Бункеры, расстрелы и вечный Сталин: долгая жизнь албанского коммунизма (I)

Как создавалась идеальная осажденная крепость

В этот раз нам стоит обратить внимание на страну, жители которой целыми десятилетиями жили в страхе — страхе не за свободу, а за жизнь. Посмотрим на общество, где антиутопия победила, а «северокорейская мечта» взяла верх над остатками здравого смысла. Перед нами — оруэлловский мир, ставший реальностью для 3 миллионов жителей Албании.

От корки до корки

Ахмет Зогу, король Албании с 1926 по 1939 годы
Ахмет Зогу, король Албании с 1926 по 1939 годы

Коммунистический режим в Албании установился одним из первых — и пал последним в Европе. Почти 50 лет, с 1944 по 1992, партия и ее вожди сохраняли монополию на власть. На фоне других стран «социалистической» Европы эта история совсем неудивительна — именно так покажется на первый взгляд.

Однако в привычной коммунистической оболочке был скрыт режим несколько иного рода, чем в странах-соседях. Лишь с падением железного занавеса — не европейского, но своего собственного, эта страна действительно открыла миру те крайности, до которых могла дойти диктатура во второй половине XX века на территории Европы.

Две стороны медали

Освобождение страны от немецкой оккупации, как и в других балканских странах, во многом легитимизировало до того подпольное коммунистическое движение в глазах населения. В отличие от других стран «социалистической» Европы, реставрация довоенных порядков в принципе не могла стать консенсусом — возвращение к полуфеодальному коррумпированному строю во главе с авторитарным монархом не являлось привлекательной альтернативой декларируемому коммунистами социальному прогрессу. Иными словами, почти не было препятствий для стремительного установления нового режима, чем смогла воспользоваться коммунистическая Национально-освободительная армия, в ноябре 1944 подчинившая всю страну.

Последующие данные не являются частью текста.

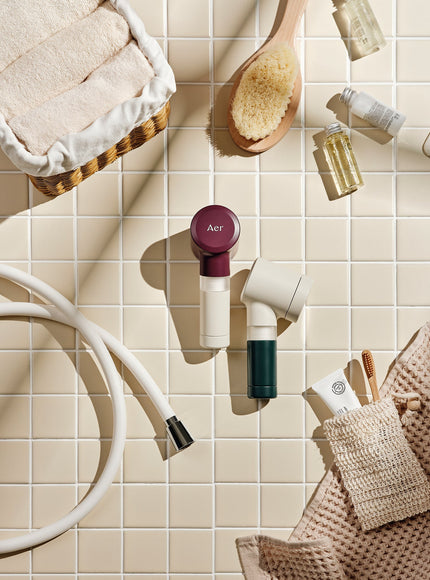 Water Solution Travel Shower Compact (1ea)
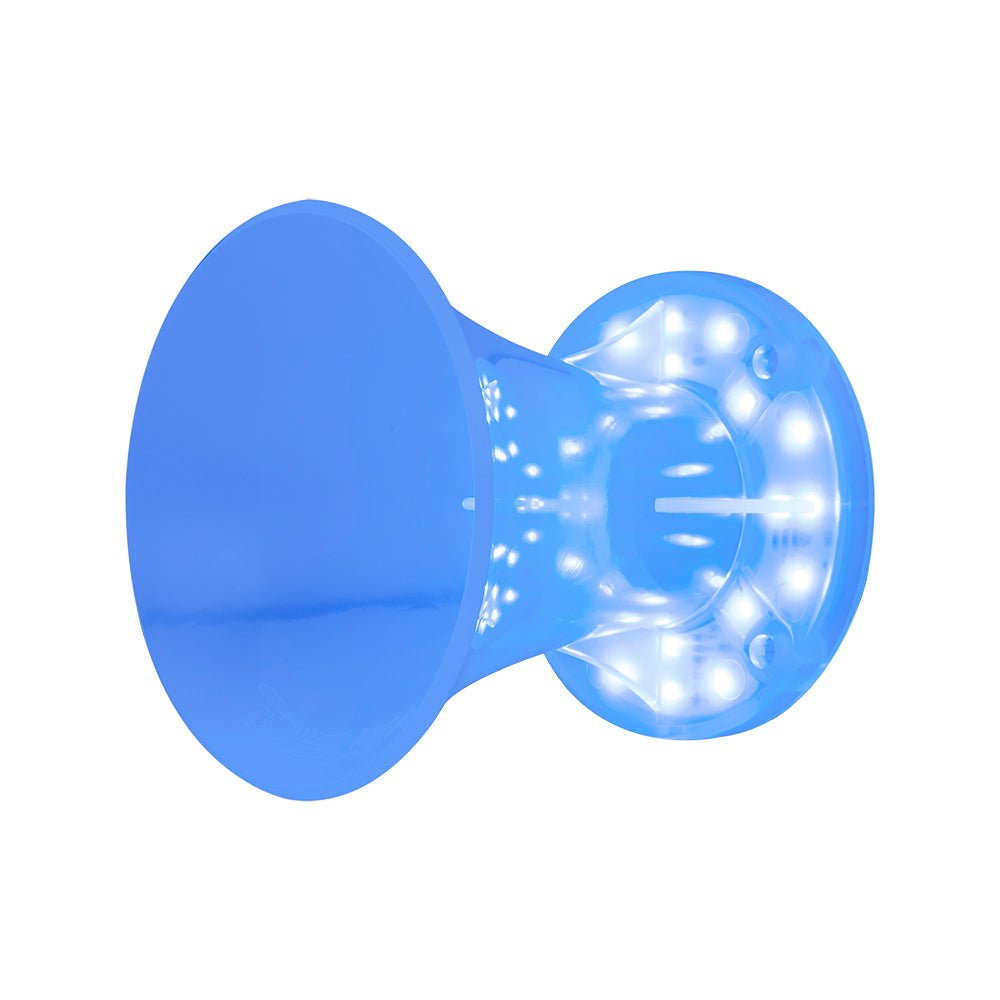 2" Throat Bolt On Horn No Holes No Paint Raw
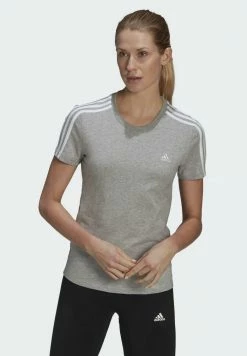 Adidas Originals Print T-shirt - Grey
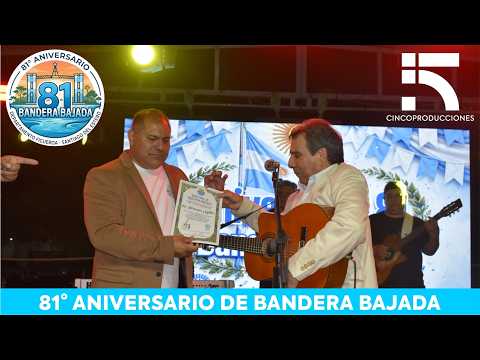 Los Hermanos Mattar (en Vivo) - 81° Aniversario de Bandera Bajada (02/10/26)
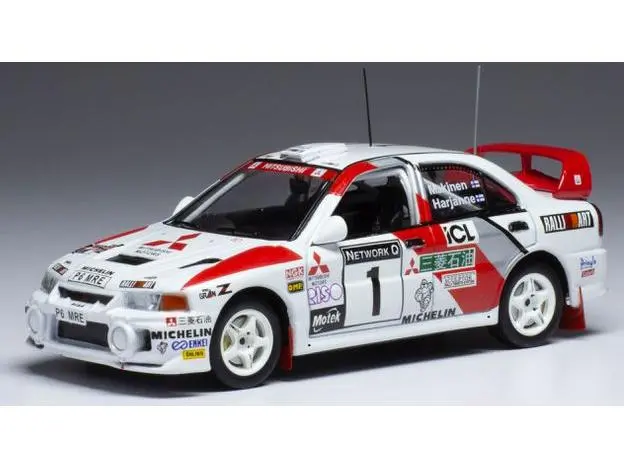 Mitsubishi Lancer Evo IV #1 Rallye WM 1997 25th RAC Anniversary T.M kinen/S.Harjanne 1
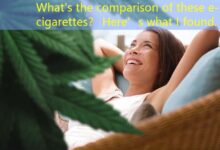 What's the comparison of these e-cigarettes? Here’s what I found.-Vape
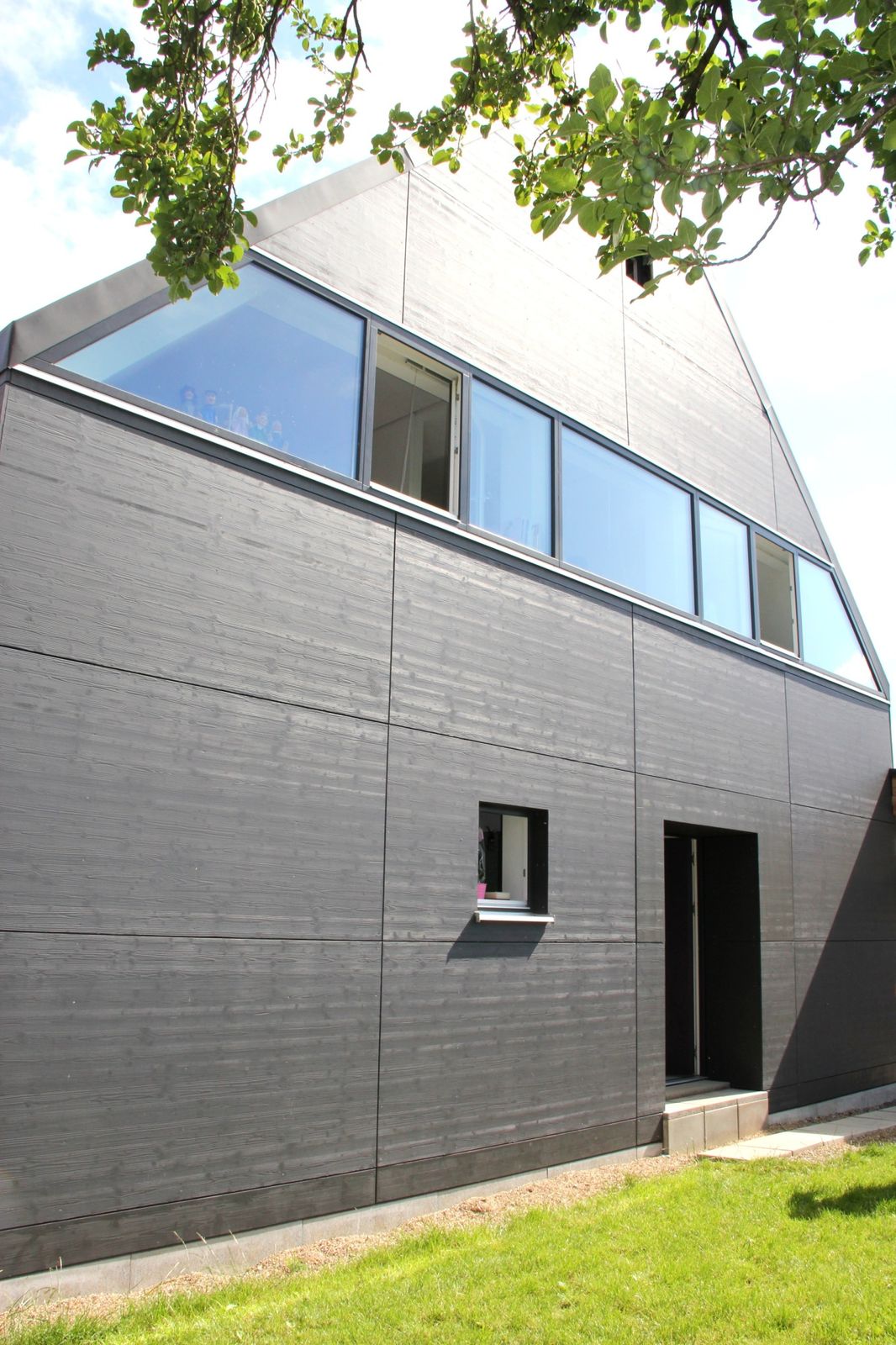 Architektouren 2011: haus wieden in veitshöchheim stöÃt auf groÃes ... Haus ganz in weiss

Албанские партизаны-коммунисты, 1944 год
Албанские партизаны-коммунисты, 1944 год

И обещанные преобразования действительно изменили жизнь албанцев: в середине 1940-х здесь сложился режим модернизации в его советском варианте — феодальное землевладение было ликвидировано, население массово переезжало в города, обеспечивая нужды сталинистской индустриализации, было внедрено всеобщее школьное образование, а женщины формально были уравнены в правах с мужчинами.

Но с первых лет нового строя цена «модернизации в плену диктатуры» становилась все более очевидной.

Становление террористического режима

Нашего современника трудно будет удивить рассказом о жестокости сталинских назначенцев; и тем не менее, жизнь общества самой маленькой страны соцлагеря покажется вышедшей за рамки самых темных ожиданий.

Партия во главе с молодым коммунистом Энвером Ходжей смогла быстро расправиться с конкурентами в борьбе за народную поддержку: в течение нескольких лет после войны оказались физически устранены активные противники новой власти — репрессии коснулись как националистов из организации «Балли Комбетар» , обвиненных в сотрудничестве с нацистами, так и слуг довоенной власти — монархистов. Но настоящая манифестация возможностей все более персоналистского албанского коммунизма была впереди.

Энвер Ходжа и Мехмет Шеху — албанские «Сталин» и «Молотов»
Энвер Ходжа и Мехмет Шеху — албанские «Сталин» и «Молотов»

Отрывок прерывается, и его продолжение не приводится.